As discussed previously, some galaxies are passive. In other words, boring. Most of the Milky Way’s satellite galaxies are just agglomerations of stars that aren’t doing much. All of the action happened billions of years ago, when those stars formed. At that time, turbulent clouds of gas were collapsing and expanding, and some of those clouds kept collapsing until they became individual stars. All of that gas is gone today, and only the stars are left.
Remarkably, we can tell a lot about what the gas was doing billions of years ago simply by the number of stars at each metallicity. (A star’s “metallicity” was defined in a previous post as the ratio of the amount of metals–those elements heavier than helium–to the amount of hydrogen.) The key diagnostic is the metallicity distribution function, or MDF. An MDF plots the number of stars at each metallicity. Here is an example of an MDF in the dwarf galaxy called Sculptor:
We can interpret these MDFs with simple models of galactic chemical evolution. These models posit that a galaxy starts off as a ball of gas. That gas can do one of two things: (1) turn into stars or (2) escape the galaxy. The simplest chemical evolution model is called the Closed Box model. The galaxy is assumed to start as a ball of gas, and all of that gas turns into stars. No gas ever escapes the galaxy. Under these strict assumptions, there is only one possible outcome for the MDF. The following animation demonstrates the Closed Box model and shows the shape of its MDF.

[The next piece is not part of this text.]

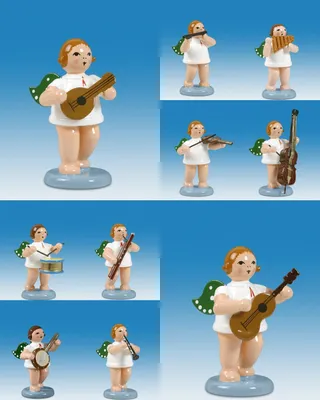 Produktbild von Holzfigur Engelmusikanten 10-teilig ohne Krone Höhe 6cm NEU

We can add a little bit of complexity to the Closed Box model. In addition to allowing the gas to form stars, it can also escape the galaxy. The following animation demonstrates this Leaky Box model.
Notice that the shape of the MDF looks pretty much the same as in the Closed Box model. However, it appears shifted to the left. You can tell from this shift that the stars in the Leaky Box model have less metallicity on average than stars in the Closed Box model. The Leaky Box model also has something that the Closed Box model does not: an independent variable. In other words, it has a knob you can turn. The knob controls the amount of gas that flows out of the galaxy rather than turning into stars. The more you allow gas to leave the galaxy, the more the MDF shifts to the left. This outflow variable is called the effective yield.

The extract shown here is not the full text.